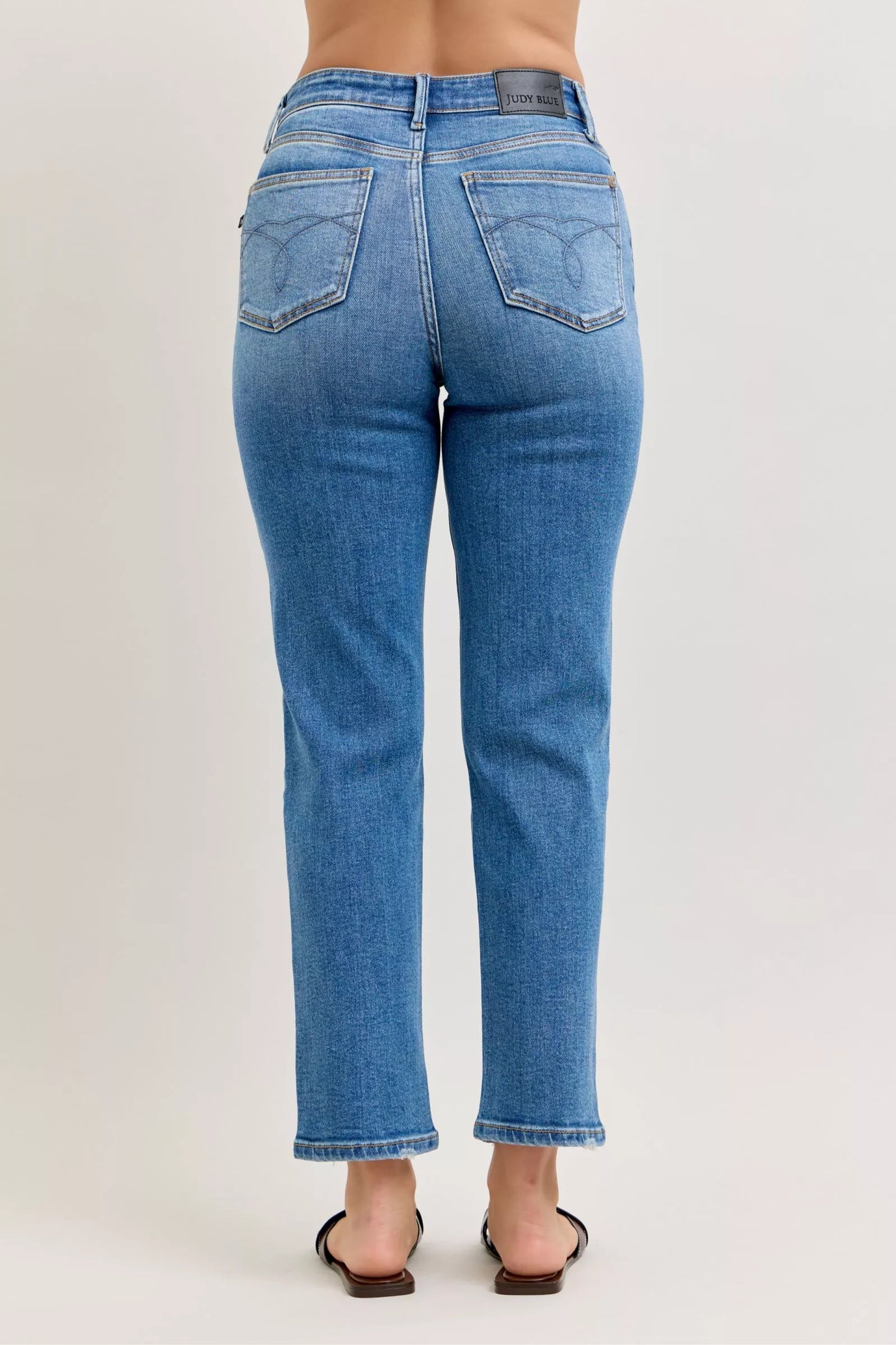 Jean Judy Blue taille haute à jambes droites    Elégance District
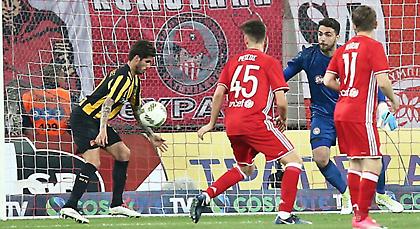 Το χέρι του Πατίτο που ζητάει ο Ολυμπιακός στο 1-2! (video)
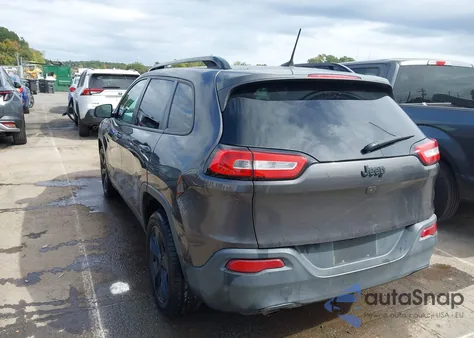 2018 Jeep Cherokee Latitude Fwd z USA, uszkodzony, nr VIN 1C4PJLCB3JD552662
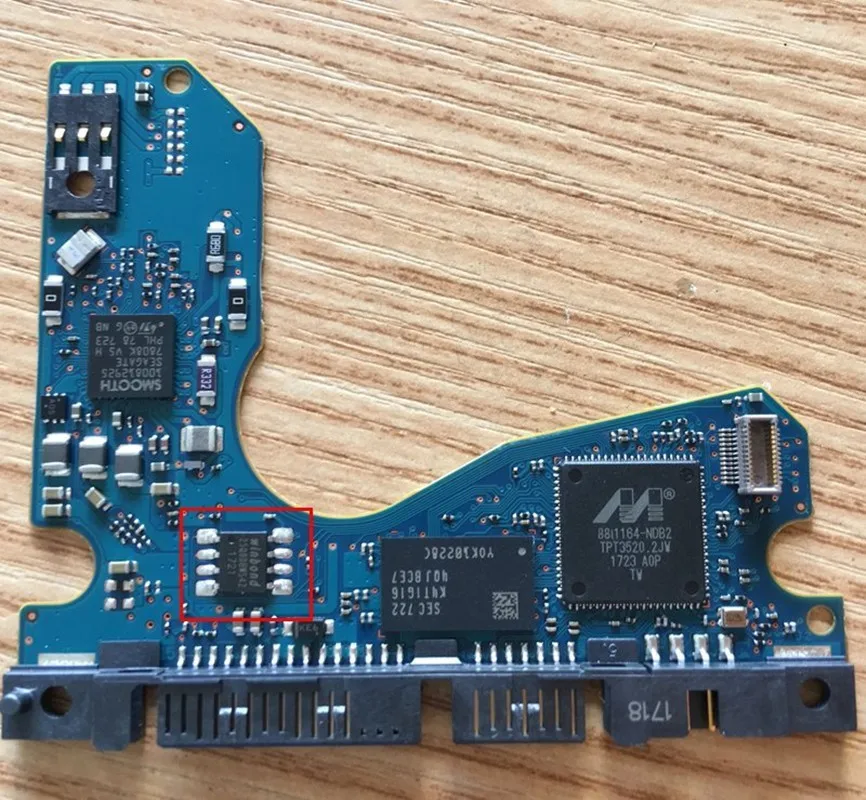 

ST Notebook Hard Disk PCB Circuit Board Mobile Hard Disk Board 100809471 REVA ST2000LM015 ST1000LM035 ST1000LM048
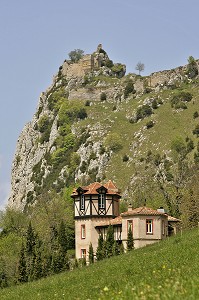 VILLAGE ET CHATEAU CATHARE, ROQUEFIXADE, ARIEGE (09), FRANCE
══════════════════════════════
TASK REQUIREMENTS: Every line from the one with "Το χέρι του" through the last line of the listing above must be written out exactly, and no picture may appear.

WRITTEN ANSWER:
 Το χέρι του Πατίτο που ζητάει ο Ολυμπιακός στο 1-2! (video)
 2018 Jeep Cherokee Latitude Fwd z USA, uszkodzony, nr VIN 1C4PJLCB3JD552662

ST Notebook Hard Disk PCB Circuit Board Mobile Hard Disk Board 100809471 REVA ST2000LM015 ST1000LM035 ST1000LM048
 VILLAGE ET CHATEAU CATHARE, ROQUEFIXADE, ARIEGE (09), FRANCE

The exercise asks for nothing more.